So anyway, that’s the updates for now. There is lots happening, lots in the pipleline and many many more things on the discussion table. It’s a busy time and I’m loving it. 😀 What’s the news in your slice of paradise?

A rough few weeks

It’s been a rough few weeks here really. Not all bad and not all negative but still and all, I’m looking forward to February very much as it means January will be over.

We added some more chickens to our flock last Friday, 5 more Dorkings (that’s the last of them) and 2 Chinese Silkies who will be our incubators next year. These 2 are also pets for the children. What funny sweet little things they are too. Sadly this morning when I went to check on the flock I was unable to find Mrs Silverpants, the children’s favourite silky. I eventually found her, drowned in the ducks swimming water. I have an awful feeling I heard her fall in last night too as I heard a squawk last night but figured it was the usual of a chook pecking another and thought nothing of it. The guilt this morning… And yes, I know. But I still feel awful. 😦 Blackie, our other little silkie is doing well without her companion fortunately, although I am on the hunt this morning for a replacement Mrs Silverpants. We also lost 2 of our Dorking chicks to Coccidiosis, a common enough illness that young chicks are susceptible to. That’s how John the chicken died. So yet again poor Jasper is trying to get his head around death. I am profoundly glad we kept the death of the 2 other chicks from him. 2 chicks dying has been enough to thoroughly upset him.

Mrs Silverpants (dec) and Blackie, our 10 week old Silkies

Mrs Silverpants (dec) and Blackie, our 10 week old Silkies

Martin has been working hard to clean up the last bits of the old house and get it ready to rent out. The Real Estate agents are coming out tomorrow to take photos and get it listed which is very exciting. John our builder and Martin have both done an amazing job and I am once again reminded of what an amazing husband I have. I am looking forward to having that house rented out and no longer being a drain on our time. We need to spend that time here. BOY do we need to spend the time here.

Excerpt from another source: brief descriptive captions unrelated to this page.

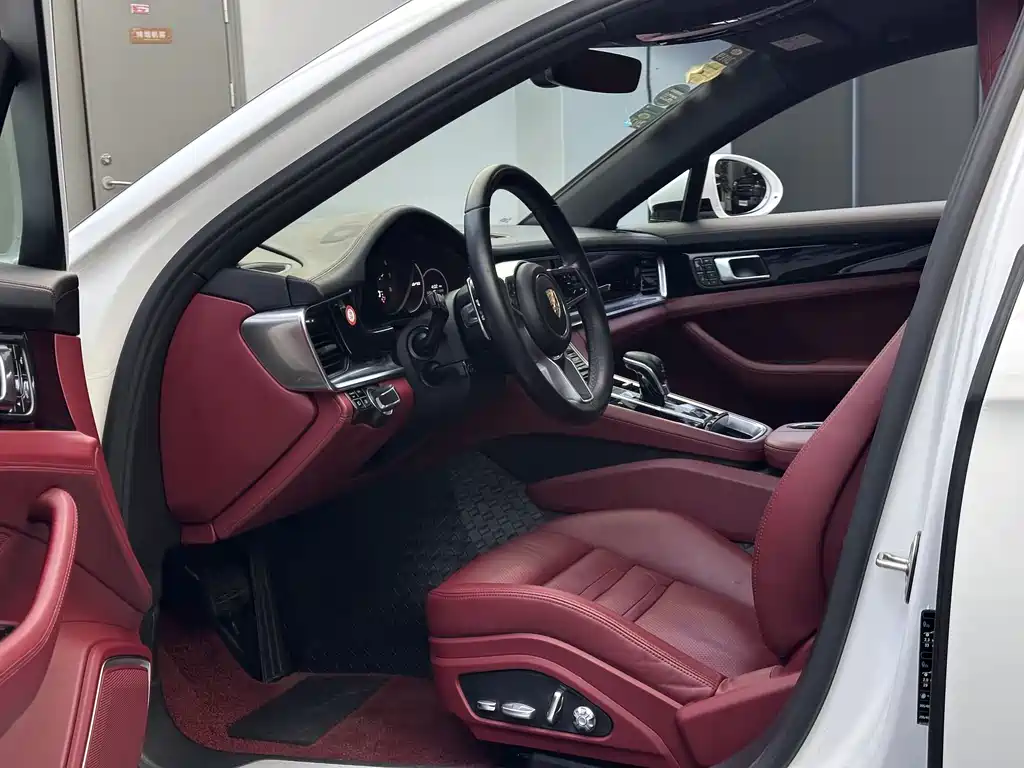 Porsche Panamera 2017 Panamera 3.0T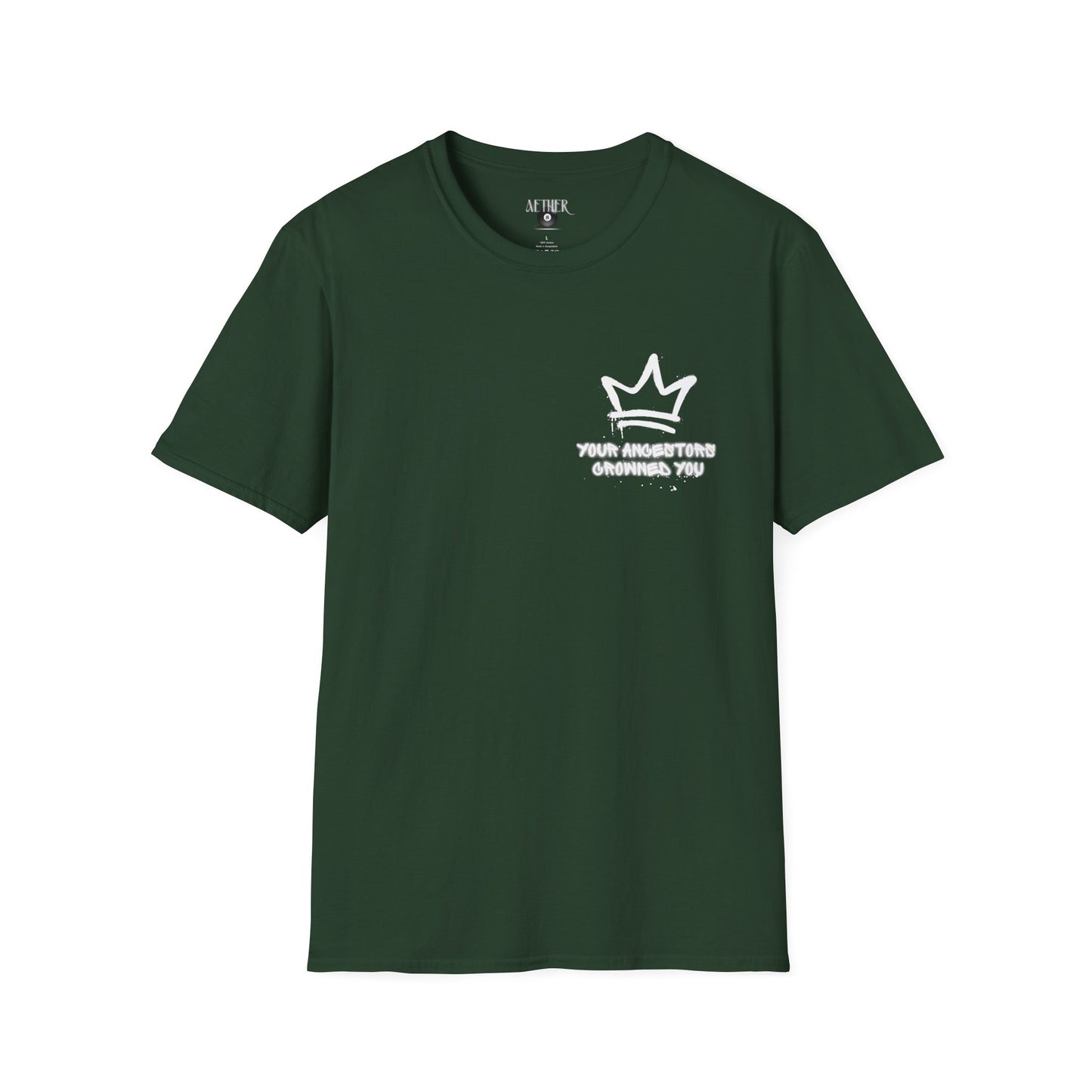 Crowned Ancestors Softstyle T-Shirt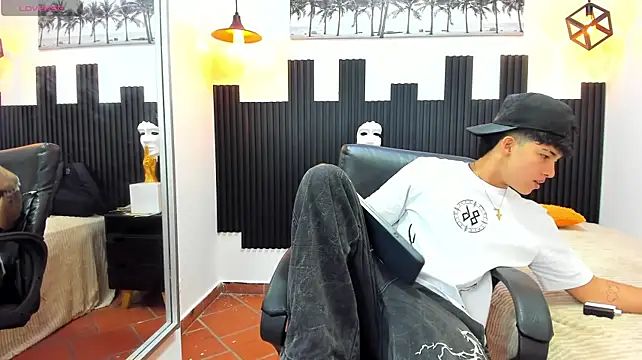 ren_storm Show Webcam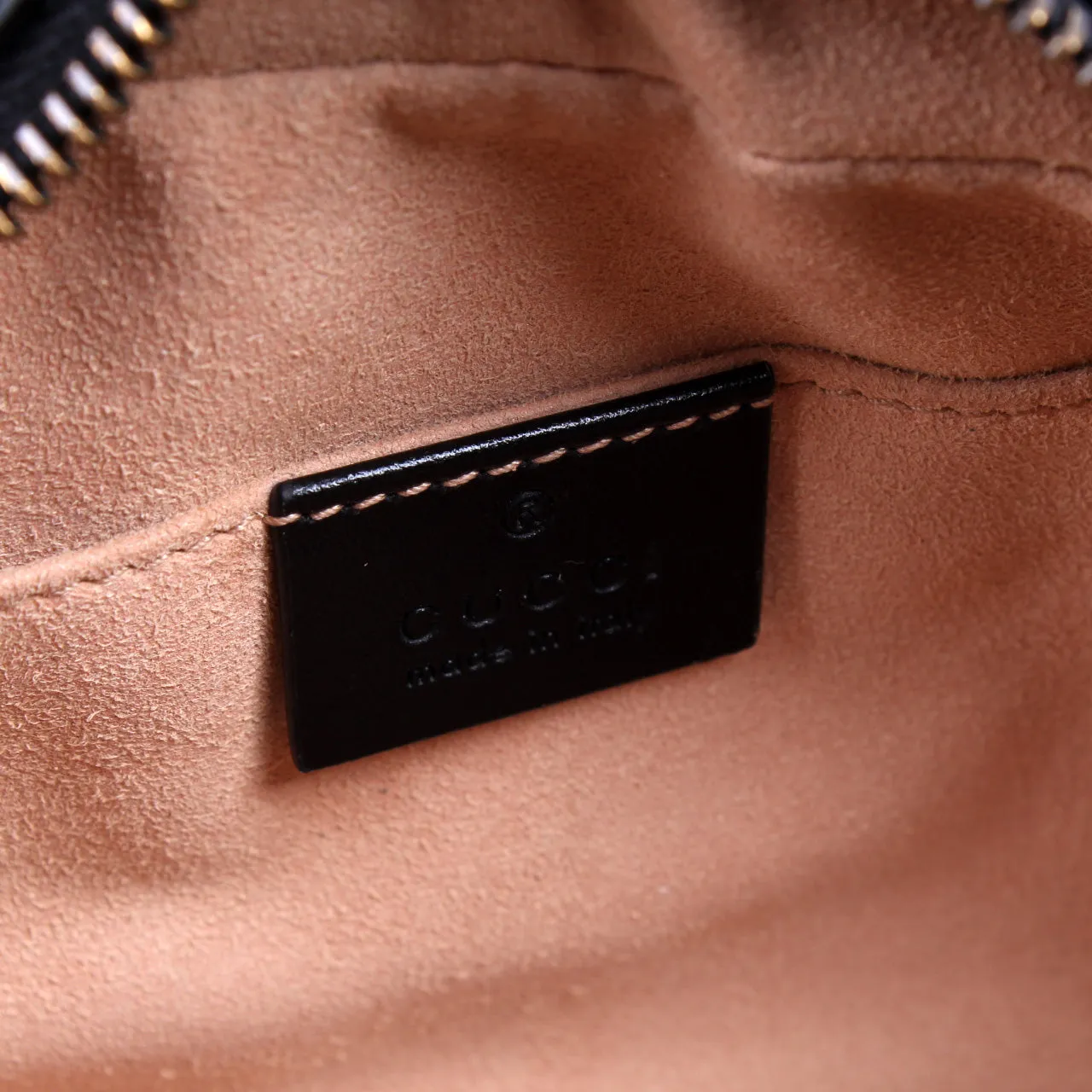 449065 Marmont Mini Camera Bag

One of 2 frogs/toads found when we were relocating the bulbs to permanent beds.

One of 2 frogs/toads found when we were relocating the bulbs to permanent beds. I need to research my amphibians I think. 🙂

We’ve also come face to face with the information that there are venomous snakes within 50 metres of our house, a though that is sending chills through every inch of my body. Our neighbours have had to deal with the snake bites in their livestock and although we don’t know which species it is we do know that its bite is fatal to a half-grown bull calf and is likely to be a Tiger snake or a Brown snake or possibly a Copperhead too as I believe all of these are indigenous to the area. I tried my hardest to mow the vegetable garden grass yesterday but the mower hasn’t been working and conked out on me again yesterday after I got maybe 20% mowed. I’ll have another go today as tomorrow is going to be hot and that grass is LONG!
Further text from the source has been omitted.